**Exercise directions**:
Among the entries below, only the lines from the one with "Izdavanje, kuća, 50m², Tabane, Jagodina" through the one with "Follow a recipe" are wanted, reproduced exactly. Pictures are not wanted.

**Supplied data**:
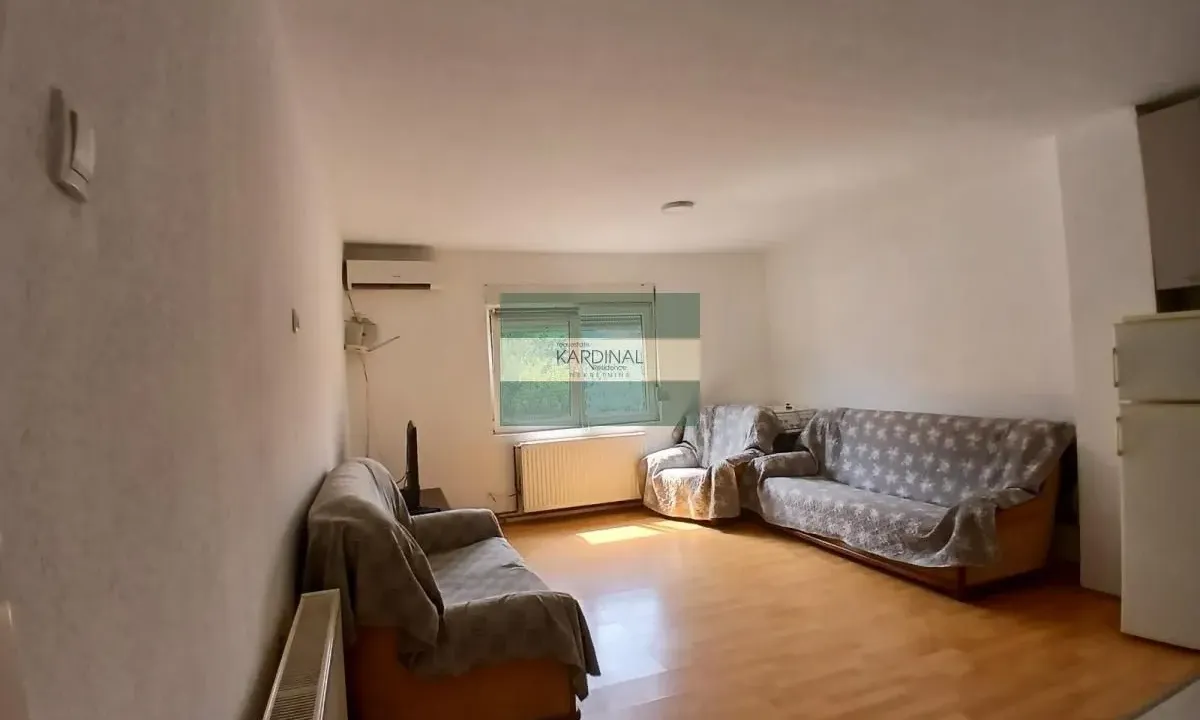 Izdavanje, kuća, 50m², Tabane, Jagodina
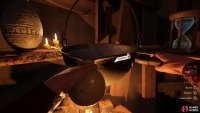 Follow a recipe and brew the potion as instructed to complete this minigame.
* * *
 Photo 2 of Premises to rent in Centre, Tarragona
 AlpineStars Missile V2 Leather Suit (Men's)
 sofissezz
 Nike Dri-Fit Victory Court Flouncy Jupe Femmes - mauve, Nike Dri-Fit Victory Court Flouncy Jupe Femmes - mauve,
* * *
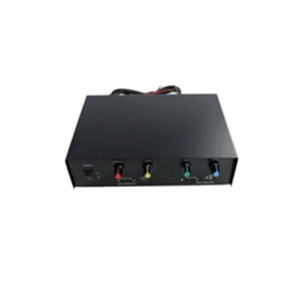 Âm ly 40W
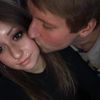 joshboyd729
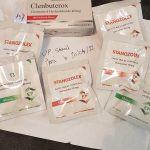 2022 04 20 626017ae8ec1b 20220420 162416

**Response box**:
 Izdavanje, kuća, 50m², Tabane, Jagodina
 Follow a recipe and brew the potion as instructed to complete this minigame.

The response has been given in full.